We also follow her mother Joan (J. Smith-Cameron). a stage actress. whose latest role as the lead in a workplace farce called Controversy has finally positioned her for serious accolades, as well as the attention of a wealthy Colombian fan/suitor, Ramon (Jean Reno). And then there’s the matter of Lisa’s lovelife, complete with the Nice Guy (John Gallagher Jr.), the Creep (Culkin), and the Teacher (Damon).

And then there’s New York itself. Margaret is less democratic than Iñárritu’s films in terms of its division of attention – this is firmly Paquin’s and, to a lesser extent, Smith-Cameron’s film – but Lonergan frequently takes time between (and sometimes during) important story beats for his camera and/or his sound mix to drift and absorb nearby conversations, movements, events. Planes fly overhead, and we follow their trajectories. Multiple dialogues can be perceived in the midst of a crowded cafe. Joan claims to admire the view from Ramon’s balcony, at which point Lonergan’s camera follows suit, panning slowly along the skyline. This is a “network narrative” in the manner we experience in our own lives, not as some screenwriter’s contrived delusion of how lives intersect and collide.

Margaret is impossible to synopsize because it’s about so much. It’s a portrait of post-9/11 New York, sure. And it’s a study of guilt and complicity, certainly. But it’s also an examination of adolescence as a whole, the process by which we grow into ourselves, which as presented in the film is mostly made up of being wrong – usually by definition. Lisa is constantly misusing words, for instance, claiming that pre-emptively shouting down another classmate isn’t “censorship” because “this class is not the government.” Later, she accuses Emily of being “strident,” without seeming to know what it means. In another scene, one of Lisa’s classmates stubbornly insists on misreading Shakespeare. Lisa is righteously indignant for much of the film, and she’s so frequently erroneous that it makes the few occasions where her misgivings are legitimate all the more affecting.

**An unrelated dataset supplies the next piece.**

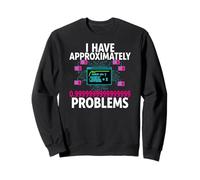Programmer Floating Point Math 0.999 Problems Sweatshirt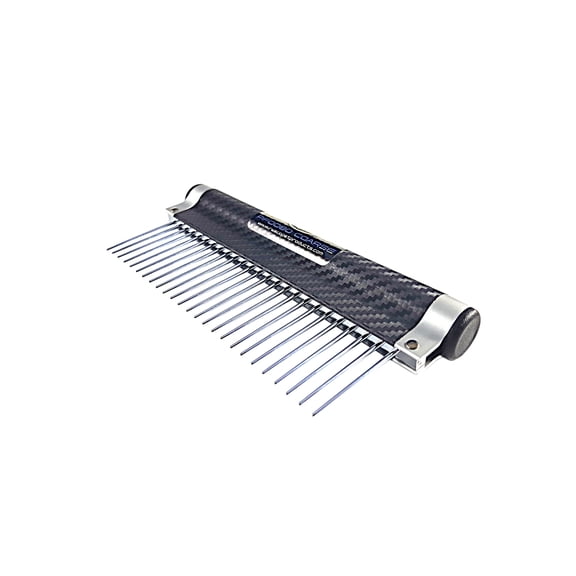 Resco Wrap Comb, Carbon Fiber, Coarse, 1.5" Pins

It’s also about art – its consumption, its creation, its transformative power, its place in a seemingly chaotic universe. Ramon falls in love with Joan almost purely through watching her perform, not knowing that ultimately they share almost no real-life characteristics. The scene in which Broderick reads the Gerard Manley Hopkins poem (quoted above) would seem to spell out the film’s themes, but it’s not nearly so simple. The Margaret of the poem could be interpreted as Lisa, the child who grows older and sees sights colder, but it could just as easily be describing Joan, Emily, or Monica. At the film’s end, Lisa and Joan finally go to the opera together – a form that Lisa previously derided – and share a tearful reconciliation while the performers sing of love. The fact that this is the opening of Act 3 of The Tales of Hoffmann, which concerns the title figure being taken in by a courtesan whose love is a ruse, doesn’t lessen the song’s effect on Lisa and Margaret; there’s something pure in their philistinism. (If they knew a little more about the work, though, they might come to realize that Margaret has a little in common with Stella, the multifaceted bane of Hoffmann’s existence.)

The extended cut of Margaret might not be the Platonic ideal of the film according to Lonergan, but it seems clear now that no single cut will ever completely satisfy him. What matters is that this one feels like a fuller, richer movie. What used to feel like tangents now feel better-integrated into the whole. The more extensive deployment of the “drifting” sound and vision across and over the city helps to reinforce the massive scope. The new cut makes one feel like somewhere there’s a neverending cut of the movie that wilfully generates new avenues to explore and new viewpoints to consider, expanding ever outward. 178 minutes will have to do for now.